Module saev.data.config

Classes

class Activations (shard_root: str = './shards',
patches: Literal['cls', 'image', 'all'] = 'patches',
layer: Union[int, Literal['all']] = 'all',
clamp: float = 100000.0,
n_random_samples: int = 524288,
scale_mean: bool | str = True,
scale_norm: bool | str = True)

Configuration for loading activation data from disk.

Expand source code
@beartype.beartype
@dataclasses.dataclass(frozen=True)
class Activations:
    """
    Configuration for loading activation data from disk.
    """

    shard_root: str = os.path.join(".", "shards")
    """Directory with .bin shards and a metadata.json file."""
    patches: typing.Literal["cls", "image", "all"] = "patches"
    """Which kinds of patches to use."""
    layer: int | typing.Literal["all"] = "all"
    """Which ViT layer(s) to read from disk. ``-2`` selects the second-to-last layer. ``"all"`` enumerates every recorded layer, and ``"meanpool"`` averages activations across layers."""
    clamp: float = 1e5
    """Maximum value for activations; activations will be clamped to within [-clamp, clamp]`."""
    n_random_samples: int = 2**19
    """Number of random samples used to calculate approximate dataset means at startup."""
    scale_mean: bool | str = True
    """Whether to subtract approximate dataset means from examples. If a string, manually load from the filepath."""
    scale_norm: bool | str = True
    """Whether to scale average dataset norm to sqrt(d_vit). If a string, manually load from the filepath."""

Class variables

var clamp : float

Maximum value for activations; activations will be clamped to within [-clamp, clamp]`.
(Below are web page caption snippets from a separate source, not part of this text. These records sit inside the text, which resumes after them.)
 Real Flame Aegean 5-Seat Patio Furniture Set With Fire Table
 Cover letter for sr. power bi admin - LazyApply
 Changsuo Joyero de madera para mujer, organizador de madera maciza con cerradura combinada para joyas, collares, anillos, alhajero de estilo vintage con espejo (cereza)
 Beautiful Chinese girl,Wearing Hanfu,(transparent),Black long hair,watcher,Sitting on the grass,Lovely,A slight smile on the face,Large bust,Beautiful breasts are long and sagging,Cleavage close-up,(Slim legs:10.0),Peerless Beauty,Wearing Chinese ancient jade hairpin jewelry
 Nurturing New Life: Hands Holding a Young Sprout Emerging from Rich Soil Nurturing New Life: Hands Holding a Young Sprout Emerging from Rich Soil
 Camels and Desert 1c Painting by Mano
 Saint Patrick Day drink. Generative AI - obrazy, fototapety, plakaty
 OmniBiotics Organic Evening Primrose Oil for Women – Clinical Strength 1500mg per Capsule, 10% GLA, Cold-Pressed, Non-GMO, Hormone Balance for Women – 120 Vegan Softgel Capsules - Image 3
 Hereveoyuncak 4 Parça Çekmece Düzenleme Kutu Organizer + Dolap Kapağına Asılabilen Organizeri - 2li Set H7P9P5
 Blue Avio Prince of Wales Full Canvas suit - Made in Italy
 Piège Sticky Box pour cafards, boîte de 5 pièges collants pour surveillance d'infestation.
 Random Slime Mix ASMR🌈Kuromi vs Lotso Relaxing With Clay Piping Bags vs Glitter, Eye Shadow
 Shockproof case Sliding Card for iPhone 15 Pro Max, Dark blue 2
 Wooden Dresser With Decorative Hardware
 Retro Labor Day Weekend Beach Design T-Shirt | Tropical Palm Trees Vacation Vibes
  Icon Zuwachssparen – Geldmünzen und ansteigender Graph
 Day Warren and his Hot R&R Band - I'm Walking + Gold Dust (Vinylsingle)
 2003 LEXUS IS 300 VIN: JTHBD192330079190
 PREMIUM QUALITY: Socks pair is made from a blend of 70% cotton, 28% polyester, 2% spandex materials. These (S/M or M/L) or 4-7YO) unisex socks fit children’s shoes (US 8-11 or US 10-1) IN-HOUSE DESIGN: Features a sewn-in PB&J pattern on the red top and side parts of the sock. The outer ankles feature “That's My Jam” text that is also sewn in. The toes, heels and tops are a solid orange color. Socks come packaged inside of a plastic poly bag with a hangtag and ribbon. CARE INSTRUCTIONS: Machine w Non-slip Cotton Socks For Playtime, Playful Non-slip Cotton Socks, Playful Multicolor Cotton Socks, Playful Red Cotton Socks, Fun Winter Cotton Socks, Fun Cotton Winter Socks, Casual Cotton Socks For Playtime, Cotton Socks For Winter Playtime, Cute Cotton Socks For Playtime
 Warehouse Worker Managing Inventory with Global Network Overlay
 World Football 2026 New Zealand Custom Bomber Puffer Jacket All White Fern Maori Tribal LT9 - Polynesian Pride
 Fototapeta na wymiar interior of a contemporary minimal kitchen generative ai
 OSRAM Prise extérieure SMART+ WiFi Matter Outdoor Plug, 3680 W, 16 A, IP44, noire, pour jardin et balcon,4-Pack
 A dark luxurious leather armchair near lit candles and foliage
var layer : Union[int, Literal['all']]

Which ViT layer(s) to read from disk. -2 selects the second-to-last layer. "all" enumerates every recorded layer, and "meanpool" averages activations across layers.

var n_random_samples : int

Number of random samples used to calculate approximate dataset means at startup.

var patches : Literal['cls', 'image', 'all']

Which kinds of patches to use.

var scale_mean : bool | str

Whether to subtract approximate dataset means from examples. If a string, manually load from the filepath.

var scale_norm : bool | str

Whether to scale average dataset norm to sqrt(d_vit). If a string, manually load from the filepath.

var shard_root : str

Directory with .bin shards and a metadata.json file.